Había tenido éxito el atrevido rapto de Auda, y una hora después Picaporte se estaba riendo aún de su triunfo. Sir Francis Cromarty había estrechado la mano del intrépido muchacho. Su amo le había dicho: "Bien", lo cual en boca de este impasible caballero, equivalía a una honrosa aprobación. A esto había respondido Picaporte que todo el honor de la hazaña correspondía a su amo. Para él no había habido más que una chistosa ocurrencia, y se reía al pensar que durante algunos instantes, él, Picaporte, antiguo gimnasta, ex sargento de bomberos, había sido el viudo de una linda dama, un viudo a punto de ser incinerado.

En cuanto a la joven india, no había tenido conciencia de lo sucedido. Envuelta en mantas de viaje, descansaba entonces en uno de los cuévanos.

Entretanto, el elefante, guiado con mucha seguridad por el parsi, corría rápidamente por la selva todavía oscura. Una hora después de haber dejado la pagoda de Pillaji, se lanzaba al través de una dilatada llanura. A las siete se hizo alto. La joven seguía en una postración completa. El guía le hizo beber algunos tragos de agua y de brandy; pero la influencia embriagante que pesaba sobre ella debía prolongarse todavía por algún tiempo.

Sir Francis Cromarty, que conocía los efectos de la embriaguez producida por la inhalación de los vapores de cáñamo, no abrigaba inquietud alguna.
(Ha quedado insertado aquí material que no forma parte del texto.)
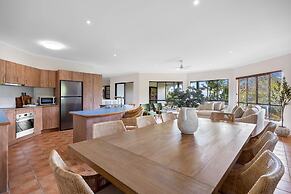 Beachside 4-bed Retreat With Study Nook & Views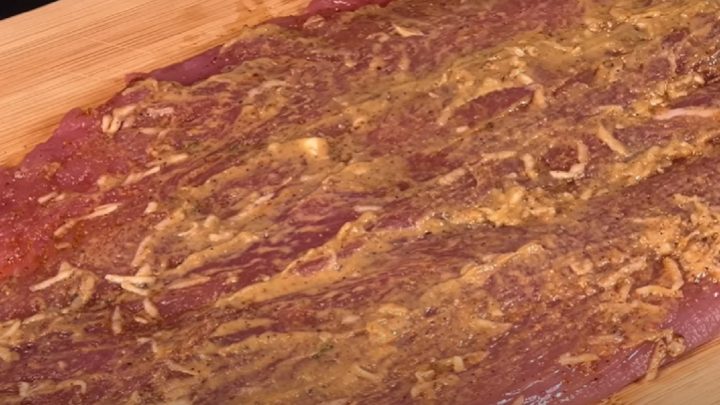 Šťavnatá masová roláda se sýrem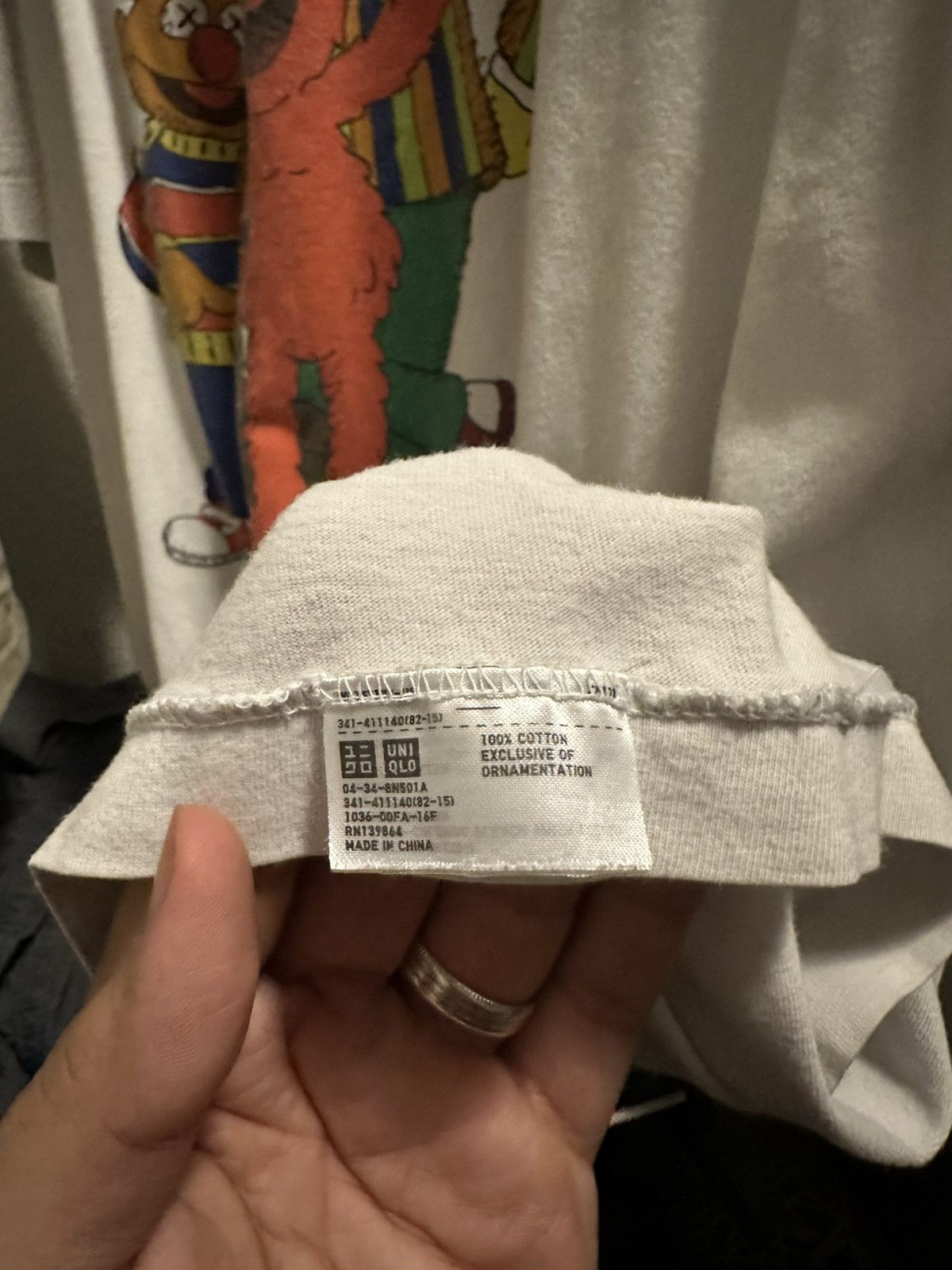 Kaws × Uniqlo KAWS SESAME STREET UNIQLO T shirt Size US XL / EU 56 / 4 - 5 Thumbnail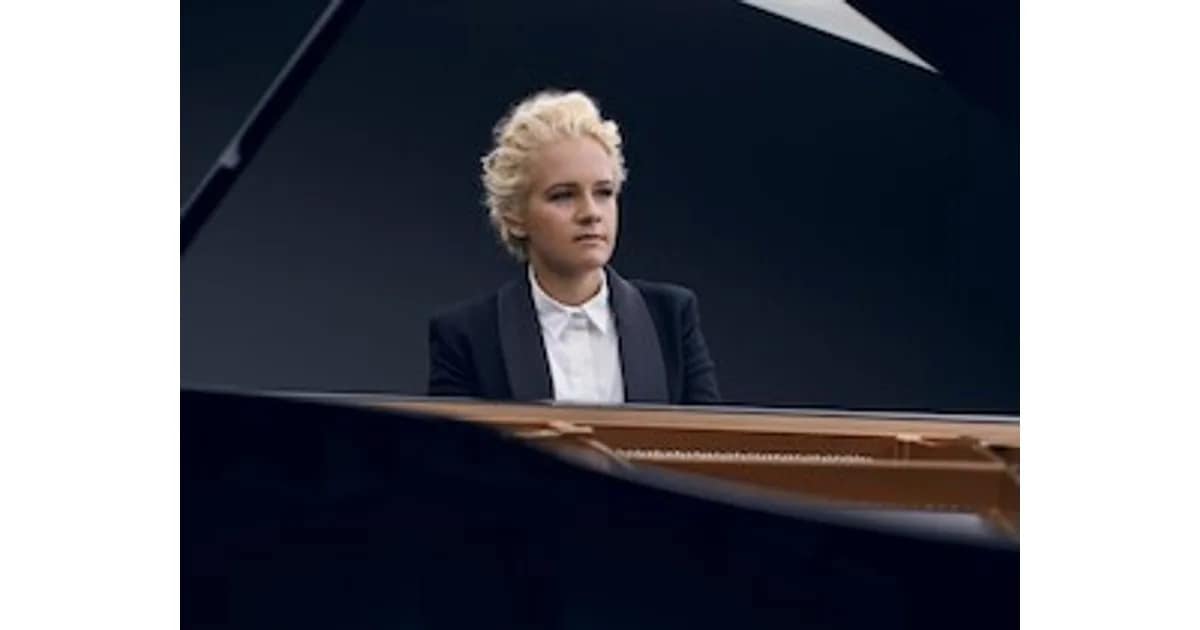 Aleksandra Mikulska - Genies der Klavier-Romantik - Klavierabend event image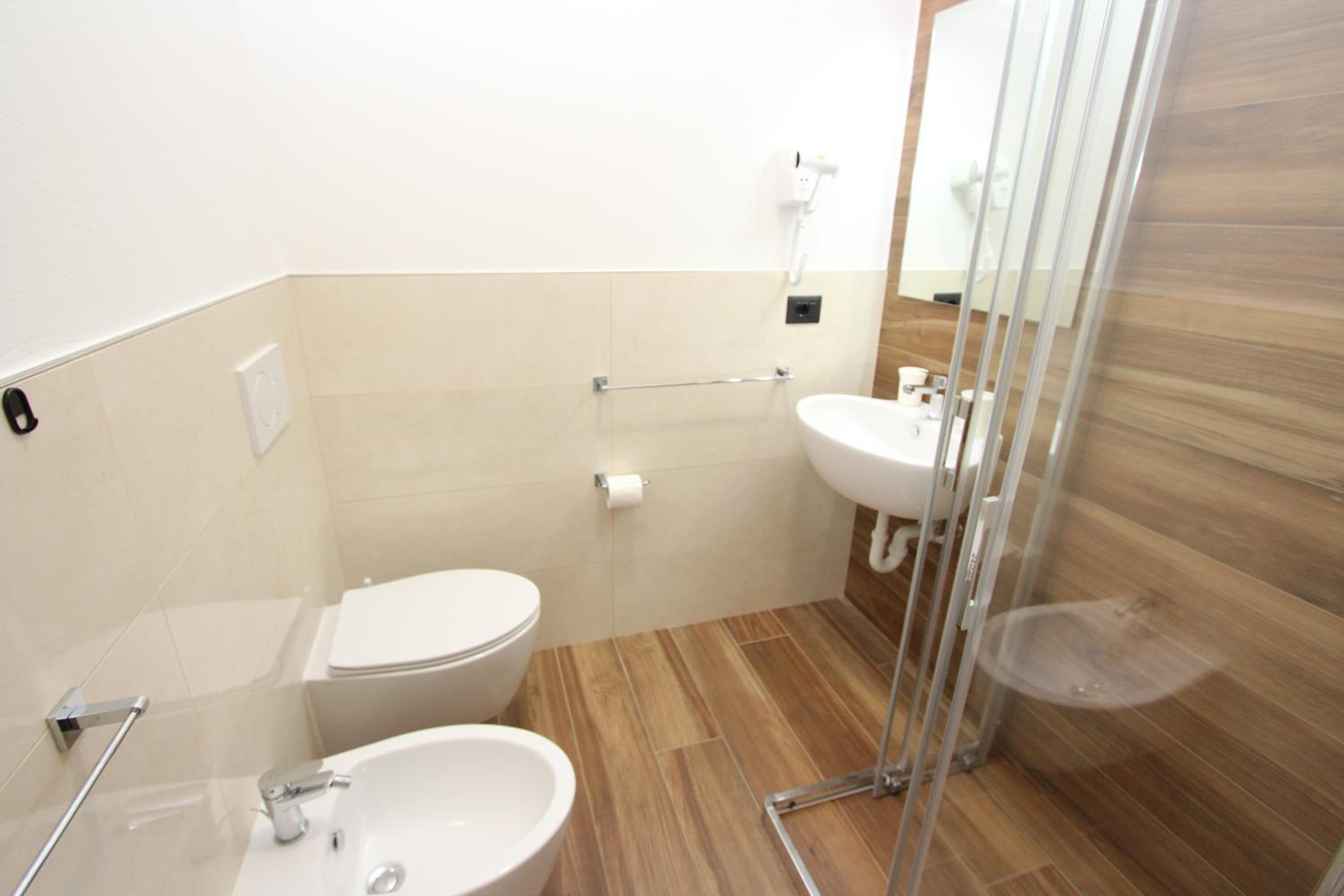 Superior Quadruple Room photo 3
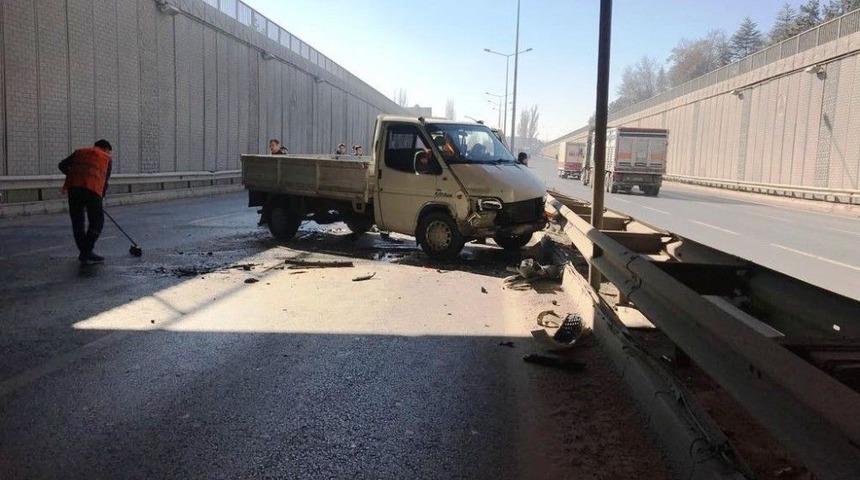 &Ccedil;evreyolu&rsquo;nda Kaza; 4 Yaralı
Pero aunque el restablecimiento de la joven india no inquietaba el ánimo del brigadier general, no le sucedía lo mismo cuando pensaba en el porvenir. No vaciló, pues, en decir a Phileas Fogg que si Auda se quedaba en la India, volvería a caer irremisiblemente en manos de sus verdugos. Estos energúmenos se extendían por toda la península indostánica, y ciertamente, a pesar de la policía inglesa, recobrarían a su víctima, fuese en Madrás, Bombay o Calcuta. Y sir Francis Cromarty citaba en apoyo de su afirmación un hecho de igual naturaleza que había ocurrido recientemente. A su modo de pensar, la joven sólo estaría segura marchándose del Indostán.

Phileas Fogg respondió que tendría presente semejante observacion y resolvería.

Hacia las diez, el guía anunció la estación de Allahabad. Allí arrancaba de nuevo la interrumpida línea férrea, cuyos trenes recorren en menos de un día y una noche la distancia que separa Allahabad de Calcuta.

Phileas Fogg llegaría, pues, con el tiempo suficiente para tomar el vapor que partía al siguiente día, 25 de octubre, a las doce de la mañana, en dirección de Hong-Kong.

La joven fue depositada en un cuarto de la estación. Se encargó a Picaporte que fuese a comprar para ella algunos objetos de tocador, vestido, chal, abrigo, etc... lo que encontrase. Su amo le abrió crédito ilimitado.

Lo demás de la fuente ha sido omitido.